# Sentiment Analysis

In this exercise, we're going to perform sentiment analysis on tweets.

In [None]:
import torch

## Data

We're going to use a truncated version of the [Sentiment140 dataset](https://www.kaggle.com/datasets/kazanova/sentiment140). The full dataset contains 1.6M tweets with a sentiment (polarity) label. Each line of the CSV file contains the following 6 fields:
1. target: the polarity of the tweet (0 = negative, 2 = neutral, 4 = positive)
2. ids: The id of the tweet (2087)
3. date: the date of the tweet (Sat May 16 23:58:44 UTC 2009)
4. flag: The query (lyx). If there is no query, then this value is NO_QUERY.
5. user: the user that tweeted (robotickilldozr)
6. text: the text of the tweet (Lyx is cool)
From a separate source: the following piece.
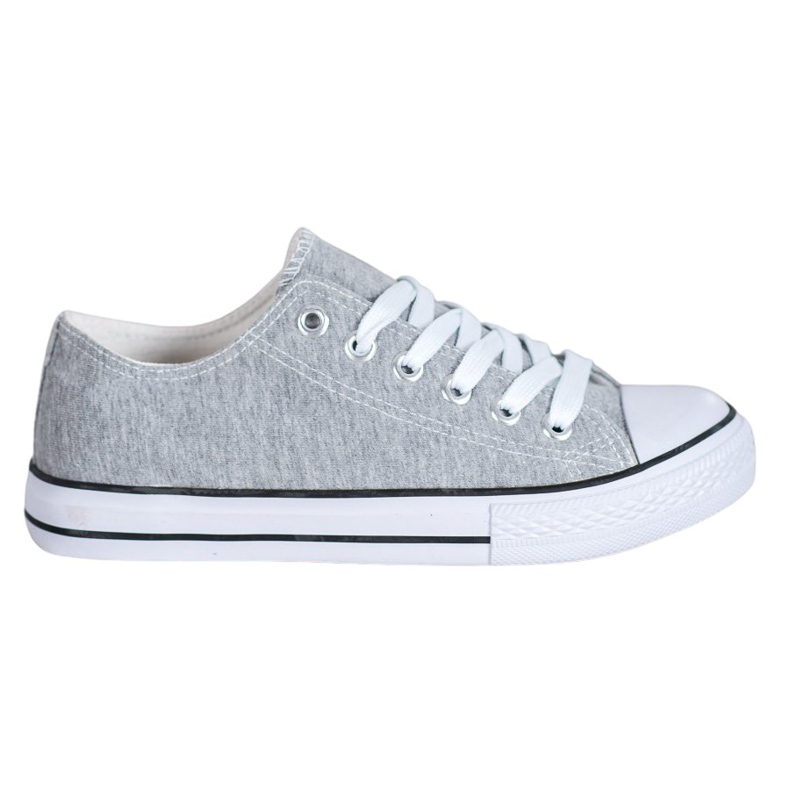 SDS Zapatillas Textiles gris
We load the truncated CSV file `tweets.2000.processed.noemoticon.csv` instead. It contains 2000 tweets (1 tweet per line), 1000 each for label 0 and 4.

In [None]:
import csv
fieldnames = ['label', 'id', 'date', 'query', 'user', 'text']
with open('tweets.2000.processed.noemoticon.csv', 'r', encoding='ISO-8859-1') as csvfile:
    reader = csv.DictReader(csvfile, fieldnames=fieldnames)
    for row in reader:
        print(f"Label: {row['label']}")
        print(f"User: {row['user']}")
        print(f"Text: {row['text']}")
        break
print(f"Label is of type {type(row['label'])}, convert to int like this: {int(row['label'])}")

## Model

We're going to use a popular sentiment analysis model from the CardiffNLP group, which we download from HuggingFace: `cardiffnlp/twitter-roberta-base-sentiment`. As you can see from the name, it is based on a pretrained RoBERTa model and was finetuned on tweets for sentiment analysis. Check out the [model description](https://huggingface.co/cardiffnlp/twitter-roberta-base-sentiment?text=I+like+turtles.) for examples of how to use it.

In [None]:
from transformers import AutoTokenizer, AutoModelForSequenceClassification

tokenizer = AutoTokenizer.from_pretrained('cardiffnlp/twitter-roberta-base-sentiment')
model = AutoModelForSequenceClassification.from_pretrained('cardiffnlp/twitter-roberta-base-sentiment')
model.eval()

From the model description, we see that we have to preprocess tweets first to bring them into the format expected by the model. Let's implement the `preprocess` method as it is described in their example.

In [None]:
# Preprocess text (username and link placeholders)
def preprocess(text):
    new_text = []
    for t in text.split(" "):
        t = '@user' if t.startswith('@') and len(t) > 1 else t
        t = 'http' if t.startswith('http') else t
        new_text.append(t)
    return " ".join(new_text)

Let's classify the first tweet in our dataset. Give the probabilities of the sentiment classification model for each of the 3 classes it outputs: negative, neutral and positive sentiment.

Now classify all the tweets and evaluate how well the model does in terms of classification accuracy.